Since $G$ is also an abelian group, we have $G^{\operatorname{ab}} = G$ and the Schur multiplier $H_2(G;\mathbb{Z})$ becomes the exterior square $\bigwedge^2G$ (see Schur multiplier of abelian group is its exterior square), and in this case, the short exact sequence becomes: $0 \to \operatorname{Ext}^1_{\mathbb{Z}}(G,A) \to H^2(G;A) \stackrel{\operatorname{Skew}}{\to} \operatorname{Hom}(\bigwedge^2G,A) \to 0$

The sequence splits (though not necessarily naturally), so we get: $H^2(G;A) \cong \operatorname{Ext}^1_{\mathbb{Z}}(G,A) \oplus \operatorname{Hom}(\bigwedge^2G,A)$

This can be interpreted as follows:

• The group $\operatorname{Ext}^1_{\mathbb{Z}}(G,A)$ describes the abelian groups arising as extensions with $G$ on top of $A$.
• The group $\operatorname{Hom}(\bigwedge^2G,A)$ can be viewed as group of all alternating $\mathbb{Z}$-bilinear maps from $G$ to $A$.

## Interpretation of left map of the sequence

The mapping sends each abelian group extension with $G$ on top of $A$ to the same extension now viewed as a cohomology class. The image of the mapping is the subgroup $H^2_{sym}(G,A)$ comprising the cohomology classes that contain symmetric 2-cocycles.

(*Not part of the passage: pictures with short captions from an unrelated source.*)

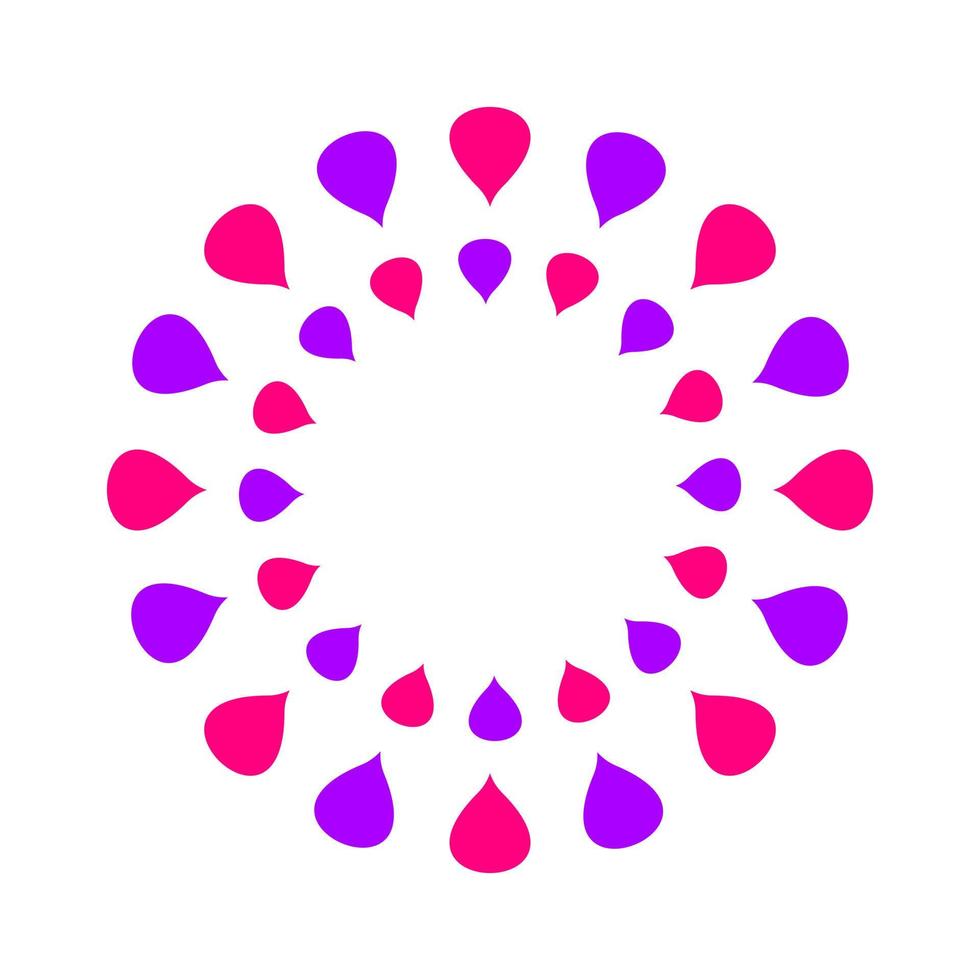 abstract modern symbol flat element vector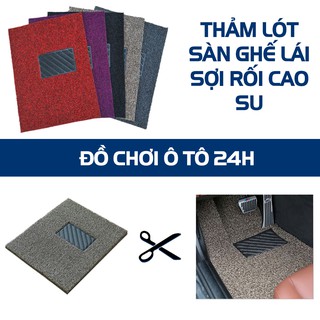 Thảm sợi rối cao su 1 tấm ghế lái các hãng xe
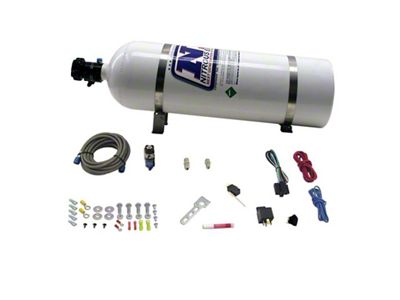 Nitrous Express Diesel Dry Nitrous Kit w/15lb Bottle/Mounting Hardware for - NXD11110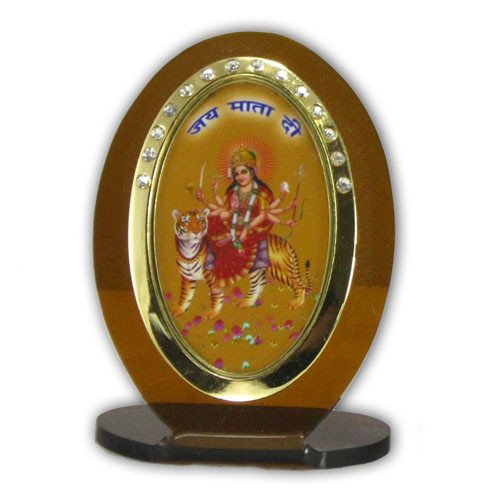 Mata Religious Icon Oval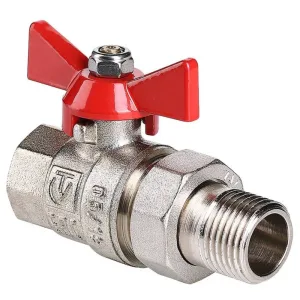 Кран шар. Valtec VT.227.N.06 BASE ВН 1" с американкой бабочка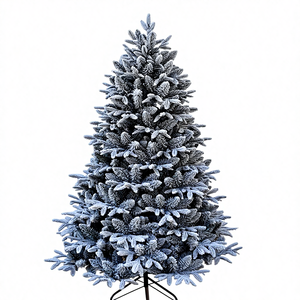 شجرة عيد الميلاد الاصطناعية الصديقة للبيئة بقاعدة قائمة من البولي إيثيلين والبولي فينيل كلوريد عالية الجودة للديكور الداخلي المنزلي بسعر الجملة من المصنع - Product Image 4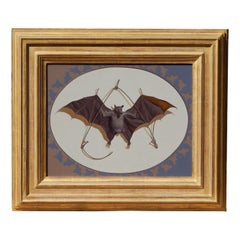 Gary Erbe Trompe L'Oeil Bat Subject Oil on Canvas, "All Creatures"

## Interpretation of right map of the sequence

• In cocycle terms: The mapping from $H^2(G;A)$ to $\operatorname{Hom}(\bigwedge^2G,A)$ sends a given cohomology class to the skew of any 2-cocycle representing it (the skew of $f:G \times G \to A$ is $(x,y) \mapsto f(x,y) - f(y,x)$).
• In group extension terms: The mapping sends an extension group $E$ to the commutator map of $E$, which can be viewed as an alternating bilinear map $G \times G \to A$.
• In isoclinism terms: The group $\operatorname{Hom}(\bigwedge^2G,A)$ can be viewed as the second cohomology group up to isoclinism for the trivial group action of $G$ on $A$. The mapping that we have can thus be viewed as taking an element of $H^2(G;A)$ to its equivalence class under isoclinism.

## Comment on direct sum

As an internal direct sum, the summand for $\operatorname{Ext}^1_{\mathbb{Z}}(G,A)$ is $H^2_{sym}(G;A)$. Because of the non-naturality of splitting, the other summand cannot usually be identified explicitly as a particular subgroup of $H^2(G;A)$.